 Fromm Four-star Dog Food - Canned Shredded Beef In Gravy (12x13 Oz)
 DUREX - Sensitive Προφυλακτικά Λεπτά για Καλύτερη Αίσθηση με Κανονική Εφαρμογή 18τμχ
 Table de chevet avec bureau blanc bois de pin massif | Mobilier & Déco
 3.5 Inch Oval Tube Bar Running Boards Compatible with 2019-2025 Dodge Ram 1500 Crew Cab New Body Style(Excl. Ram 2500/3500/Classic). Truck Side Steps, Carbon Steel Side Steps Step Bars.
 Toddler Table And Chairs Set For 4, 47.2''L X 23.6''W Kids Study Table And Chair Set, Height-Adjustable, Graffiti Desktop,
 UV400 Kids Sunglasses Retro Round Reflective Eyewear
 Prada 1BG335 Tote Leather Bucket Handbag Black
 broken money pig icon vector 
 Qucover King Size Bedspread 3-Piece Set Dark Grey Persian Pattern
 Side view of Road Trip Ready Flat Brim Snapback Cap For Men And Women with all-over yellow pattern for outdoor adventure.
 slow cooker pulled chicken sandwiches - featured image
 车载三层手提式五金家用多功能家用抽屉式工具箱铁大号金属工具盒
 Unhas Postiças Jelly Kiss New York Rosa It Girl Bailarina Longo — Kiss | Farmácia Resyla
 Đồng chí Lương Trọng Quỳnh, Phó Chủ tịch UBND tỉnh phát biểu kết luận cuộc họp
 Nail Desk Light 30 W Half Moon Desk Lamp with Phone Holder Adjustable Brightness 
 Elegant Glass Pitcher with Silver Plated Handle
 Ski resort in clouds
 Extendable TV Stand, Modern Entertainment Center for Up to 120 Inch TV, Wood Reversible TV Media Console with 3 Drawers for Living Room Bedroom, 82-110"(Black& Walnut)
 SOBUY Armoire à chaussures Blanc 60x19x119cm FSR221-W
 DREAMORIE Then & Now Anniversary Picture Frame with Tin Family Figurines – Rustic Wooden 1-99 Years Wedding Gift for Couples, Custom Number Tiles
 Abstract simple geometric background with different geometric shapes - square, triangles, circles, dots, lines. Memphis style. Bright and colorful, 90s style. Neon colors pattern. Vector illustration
# # # #
TASK STATEMENT. Nothing may be dropped or altered; repeat every record in full.

EXERCISE OUTPUT.
 Fromm Four-star Dog Food - Canned Shredded Beef In Gravy (12x13 Oz)
 DUREX - Sensitive Προφυλακτικά Λεπτά για Καλύτερη Αίσθηση με Κανονική Εφαρμογή 18τμχ
 Table de chevet avec bureau blanc bois de pin massif | Mobilier & Déco
 3.5 Inch Oval Tube Bar Running Boards Compatible with 2019-2025 Dodge Ram 1500 Crew Cab New Body Style(Excl. Ram 2500/3500/Classic). Truck Side Steps, Carbon Steel Side Steps Step Bars.
 Toddler Table And Chairs Set For 4, 47.2''L X 23.6''W Kids Study Table And Chair Set, Height-Adjustable, Graffiti Desktop,
 UV400 Kids Sunglasses Retro Round Reflective Eyewear
 Prada 1BG335 Tote Leather Bucket Handbag Black
 broken money pig icon vector 
 Qucover King Size Bedspread 3-Piece Set Dark Grey Persian Pattern
 Side view of Road Trip Ready Flat Brim Snapback Cap For Men And Women with all-over yellow pattern for outdoor adventure.
 slow cooker pulled chicken sandwiches - featured image
 车载三层手提式五金家用多功能家用抽屉式工具箱铁大号金属工具盒
 Unhas Postiças Jelly Kiss New York Rosa It Girl Bailarina Longo — Kiss | Farmácia Resyla
 Đồng chí Lương Trọng Quỳnh, Phó Chủ tịch UBND tỉnh phát biểu kết luận cuộc họp
 Nail Desk Light 30 W Half Moon Desk Lamp with Phone Holder Adjustable Brightness 
 Elegant Glass Pitcher with Silver Plated Handle
 Ski resort in clouds
 Extendable TV Stand, Modern Entertainment Center for Up to 120 Inch TV, Wood Reversible TV Media Console with 3 Drawers for Living Room Bedroom, 82-110"(Black& Walnut)
 SOBUY Armoire à chaussures Blanc 60x19x119cm FSR221-W
 DREAMORIE Then & Now Anniversary Picture Frame with Tin Family Figurines – Rustic Wooden 1-99 Years Wedding Gift for Couples, Custom Number Tiles
 Abstract simple geometric background with different geometric shapes - square, triangles, circles, dots, lines. Memphis style. Bright and colorful, 90s style. Neon colors pattern. Vector illustration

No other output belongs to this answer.